US soldiers beat, inhumanely detain, expel independent journalists.
March 29, 2003 2:28 PM   Subscribe

US soldiers beat, inhumanely detain, expel independent journalists. One of the dirty secrets of this war is Kuwaiti anti-semitism against journalists. Boaz Bizmuth and Dan Scemama are two such Israelis who faced that discrimination. When the war started, they took off in a jeep with Luis Castro and Victor Silva, two Portuguese journalists, following US troops. Somewhere around An Najaf, they were told that at least one of the Israeli journalists had problems with their papers and needed to be accredited by the Kuwaitis. They slept for the night, only to be woken at gunpoint by US military police. They were accused of being spies and detained for 12 hours without food. When one of the Portuguese journalists asked to use the phone, both were beaten, and one was knocked to the ground and kicked, breaking several ribs. They were detained without contact for another 36 hours, before being flown back to Kuwait.
CNN Germany is covering this story ... so why isn't CNN?
posted by insomnia_lj (27 comments total)
CNN Germany is covering this story ... so why isn't CNN?
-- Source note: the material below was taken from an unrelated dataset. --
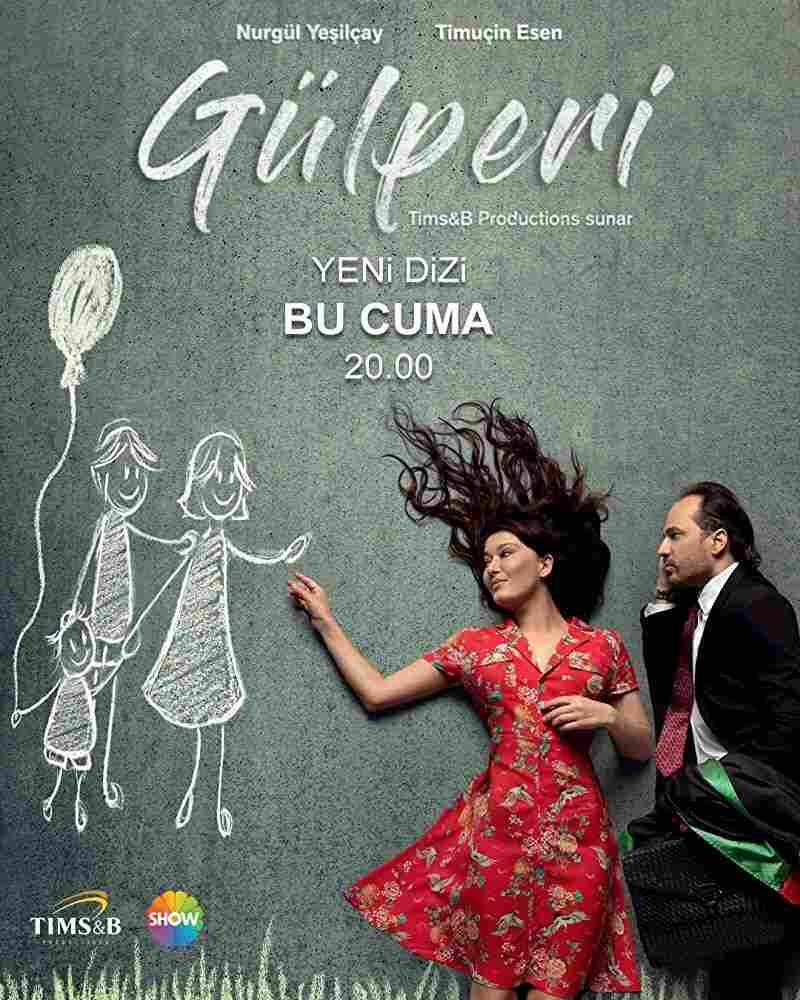 Гюльпери 2018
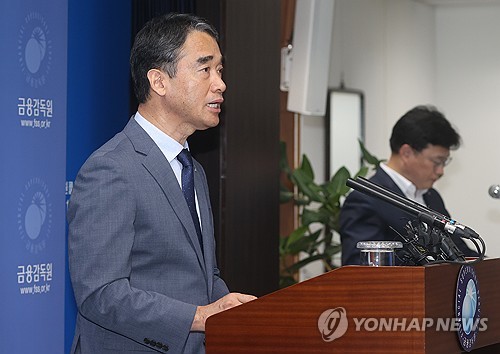 금감원 "고려아연 유증, 부정거래 확인시 엄정 대응"…정정요구도 시사(종합)_정지서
A massive government conspiracy.
posted by yerfatma at 2:31 PM on March 29, 2003

um, what does our soldiers harassing unembedded journos have to do with kuwaiti anti-semitism? just because two of said journos happened to be israeli? kuwaiti prejudice and our government's hamfisted spin control policies are valid topics of conversation and discussion, but what's the correlation?
posted by donkeyschlong at 2:34 PM on March 29, 2003

"What does our soldiers harassing unembedded journos have to do with kuwaiti anti-semitism?"

It's part of the same story.

Israeli journalists can't get credentials from the Kuwaitis. US military seemingly tolerates this anti-semitism, to the point where even when the US military gives permission for the reporters to be embedded (as mentioned in the links for the post), they are asked to return to Kuwait, or, in this case, starved, beaten, treated inhumanely, and asked to return to Kuwait.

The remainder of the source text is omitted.